На балкон дверь открыта. По праздникам не работает кондитерская фабрика имени Клары Цеткин, и ванилью не слишком разит.

Яша смотрит на стенные часы, деревенские ходики — их когда-то привез гуру из Пензенской области и приколотил на стене в городской квартире: уютно.

До салюта десять минут.

— Поглядим на ихний салют,— цедит Яша сквозь зубы.— А потом уж я поплыву, пожалуй. Домой надо. Буду звонить, как и что...

— Уж ты, Яшечка, нас надолго не оставляй, одиноко нам будет.

— Не оставляю!

И все трое идут на балкон. Там, внизу, не дождавшись первого залпа, ребятишки уже пробуют голоса, как артисты перед выходом на подмостки. «Салю-ю-ют!» — кто-то звонко кричит. И с другого конца двора впереклич ему раздается: «Салю-ю-ют!»


— Бог упал! — пробивается голос сквозь визги толпы.

— Бог упал!

— Навернулся...

— И лошадь с ним...

Нам — уйти бы. Смотаться бы мне, уведя с собой Васю: по Никольской, то есть по улице 25-го Октября, переулочками и куда-нибудь вниз, к реке. Но нет сил: я уже догадался о чем-то, и в потоке людском, полупьяном, гогочущем, стонущем, держа за руку сына, хромаю я вниз, в круговерть Театральной площади. Не могу удержаться, смотрю на Большой: так и есть, три коня возвышаются, копыта подняв, а четвертого, крайнего, нет. И бога на месте нет. Тут прожектор, озаряю­щий Аполлона, погас — догадались его погасить. И Большой, величавый ГАБТ, погрузился во тьму.

— Бог упал! Бог упал только что! — расползается по толпе.

— Да чего разорались: «Упал, упал!»? — Старикашка какой-то, из русских людей, насквозь изъеденных скепсисом.— Бог давно уж упал, еще в тысяча девятьсот семнадцатом.

— Может, сбросили бога?

— А его еще в семнадцатом сбросили.— Старикашка не унимается, язвитель­но шамкает.
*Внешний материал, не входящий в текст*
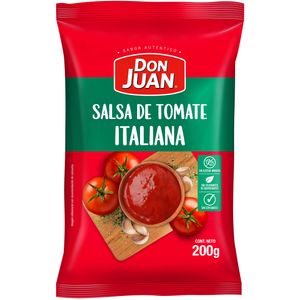 Salsa de Tomate Italiana 200 g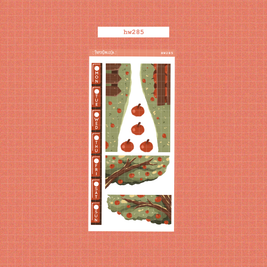 Hobonichi Kit for Hobonichi Weeks | hw285 | c326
— Так другого же сбросили, нашего. А этот языческий...

— Греческий...

Пробираются сквозь толпу фургончики: «Скорая медицинская помощь». Их аж три, пробираются они с разных сторон. Ага, вот и знакомое: «Мосгаз. Аварий­ная». Красно-желтая будочка на колесах подкатила: по-нят-но!

Мне б уйти, но говорю же: нет сил. Пробираемся дальше, от Музея Ленина через площадь и — в сквер. Там толпа, но толкутся все-таки на аллейках, а газоны стараются не топтать, культурные стали.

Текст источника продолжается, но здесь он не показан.